I think doctors' convenience is plenty reason enough for this sort of policy. I'm a lawyer, and if a client tried to get me to do my job a different way out of their personal preference that inconvenienced me, I would tell them to find a new lawyer. I am here to get the job done with a good outcome for my client. Pointless detours are not something I am going to accommodate without a sensible, objective reason. I don't expect such nonsense to be accommodated by my care team, either
Oh if it were only that simple. Believe me in the life of a nurse, there is nothing lame about the staffing excuse. It leaves room for medical errors. Everyone tries to simplify their work flow so they are more productive. Health care is no different. When I'm elbow deep changing someones dressing, while getting yelled out from a doc bc I didn't answer a phone, and a family member is bitching at me they want an extra soda... yay I'm wanting to do what I can do to make my job a little easier. THe time I take away from my patients to do things that yeah might be important to you, but aren't that important in the long skeem of things has got to be the most frustrating thing about working in healthcare. Just remember, while 30 minutes away from your baby sucks, every single day missing lunch, getting a UTI bc you don't have time to pee, and leaving late after working a 12 hour shift is the life of a nurse (and beleive me that's just scratching the surface). I would think more people would be appreciative of this. One day you'll need that nurse.
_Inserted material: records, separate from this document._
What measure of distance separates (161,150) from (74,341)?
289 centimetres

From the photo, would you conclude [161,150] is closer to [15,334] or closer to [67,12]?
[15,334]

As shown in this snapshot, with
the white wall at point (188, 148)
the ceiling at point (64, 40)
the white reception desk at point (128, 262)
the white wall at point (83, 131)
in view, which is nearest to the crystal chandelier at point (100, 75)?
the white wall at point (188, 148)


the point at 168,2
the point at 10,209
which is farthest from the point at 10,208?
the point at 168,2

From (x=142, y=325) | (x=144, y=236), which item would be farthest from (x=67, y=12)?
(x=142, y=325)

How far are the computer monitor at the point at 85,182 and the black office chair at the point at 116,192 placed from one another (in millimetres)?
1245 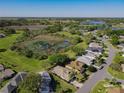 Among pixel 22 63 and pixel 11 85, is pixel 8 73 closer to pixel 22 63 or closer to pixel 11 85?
pixel 11 85

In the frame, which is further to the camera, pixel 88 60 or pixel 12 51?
Result: pixel 12 51

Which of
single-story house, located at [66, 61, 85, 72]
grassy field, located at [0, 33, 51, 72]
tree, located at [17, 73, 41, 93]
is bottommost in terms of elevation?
grassy field, located at [0, 33, 51, 72]

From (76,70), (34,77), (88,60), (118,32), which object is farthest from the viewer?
(118,32)

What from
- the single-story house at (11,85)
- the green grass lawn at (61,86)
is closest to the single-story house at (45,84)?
the green grass lawn at (61,86)

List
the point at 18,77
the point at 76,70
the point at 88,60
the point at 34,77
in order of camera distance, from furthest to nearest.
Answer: the point at 88,60 < the point at 76,70 < the point at 18,77 < the point at 34,77

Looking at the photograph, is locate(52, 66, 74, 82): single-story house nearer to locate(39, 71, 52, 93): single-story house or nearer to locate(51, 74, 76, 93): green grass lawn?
locate(51, 74, 76, 93): green grass lawn

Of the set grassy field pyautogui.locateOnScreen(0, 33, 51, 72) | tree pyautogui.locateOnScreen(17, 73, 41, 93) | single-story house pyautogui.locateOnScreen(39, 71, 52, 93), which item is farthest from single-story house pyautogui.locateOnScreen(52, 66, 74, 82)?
tree pyautogui.locateOnScreen(17, 73, 41, 93)

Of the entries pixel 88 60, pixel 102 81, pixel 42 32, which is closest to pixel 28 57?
pixel 88 60

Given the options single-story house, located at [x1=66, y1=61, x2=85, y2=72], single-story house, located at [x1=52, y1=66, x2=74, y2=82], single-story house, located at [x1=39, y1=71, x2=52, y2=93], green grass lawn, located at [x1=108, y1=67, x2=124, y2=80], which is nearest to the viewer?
single-story house, located at [x1=39, y1=71, x2=52, y2=93]

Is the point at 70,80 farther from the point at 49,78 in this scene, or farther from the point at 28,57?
the point at 28,57

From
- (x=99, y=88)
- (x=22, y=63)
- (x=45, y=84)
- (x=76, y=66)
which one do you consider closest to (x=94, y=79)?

K off my soap box now.... not that my rant really had anything to do with the OP. Hug a nurse!
I agree. I was put to sleep during my csection, because the epidural did not numb me. So I didn't even see her for over an hour after she was born. That won't happen again. But I let her sleep in the nursery as well, so I could get some sleep.
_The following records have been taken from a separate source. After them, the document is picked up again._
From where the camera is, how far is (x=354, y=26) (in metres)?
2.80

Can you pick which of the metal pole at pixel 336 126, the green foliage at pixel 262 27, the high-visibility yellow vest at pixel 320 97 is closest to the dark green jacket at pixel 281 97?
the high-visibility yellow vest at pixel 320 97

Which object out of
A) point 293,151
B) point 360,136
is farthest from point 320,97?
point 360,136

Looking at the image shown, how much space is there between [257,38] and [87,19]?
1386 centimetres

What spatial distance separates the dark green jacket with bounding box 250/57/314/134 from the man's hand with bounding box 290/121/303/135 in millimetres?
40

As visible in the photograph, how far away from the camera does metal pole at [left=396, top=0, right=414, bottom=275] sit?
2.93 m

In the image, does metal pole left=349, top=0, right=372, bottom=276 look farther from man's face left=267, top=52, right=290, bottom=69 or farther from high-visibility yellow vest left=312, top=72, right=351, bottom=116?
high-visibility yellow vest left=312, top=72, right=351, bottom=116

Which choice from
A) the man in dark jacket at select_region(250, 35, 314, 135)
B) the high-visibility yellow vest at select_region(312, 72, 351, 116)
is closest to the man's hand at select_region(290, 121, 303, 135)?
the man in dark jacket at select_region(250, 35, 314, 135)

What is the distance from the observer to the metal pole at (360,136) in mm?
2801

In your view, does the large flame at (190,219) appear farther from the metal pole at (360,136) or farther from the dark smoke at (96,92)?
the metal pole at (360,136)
I get that. Believe me I work with nurses every day. I'm not unaware of what that's like to be a nurse. But my point is, plenty of facilities have found ways to make it work, so the staffing thing should not be an excuse as to why not to offer those services to patients. The staffing at the hospital where I work and delivered DS is higher in L&D and mother/baby units. That makes sense. We're a non-profit, state hospital, so if we can make it work financially, it's really not a valid excuse for other places to not do the same. FWIW, we're also a unionized hospital, so that may make some difference. My sister is a nurse at a non-union hospital and there's way more abuse of nurses and staffing issues.
Fine, yes, hospitals could budget differently. Is this really the budgeting hill to die on? Aren't there one million other things you would want your L&D hospital to prioritize over this? Like, things that actually matter long term and aren't just "nice to haves"?
True that! I'm currently at a non-unionized hospital but will be moving next year to a union state and a magnet hospital. It can't come soon enough!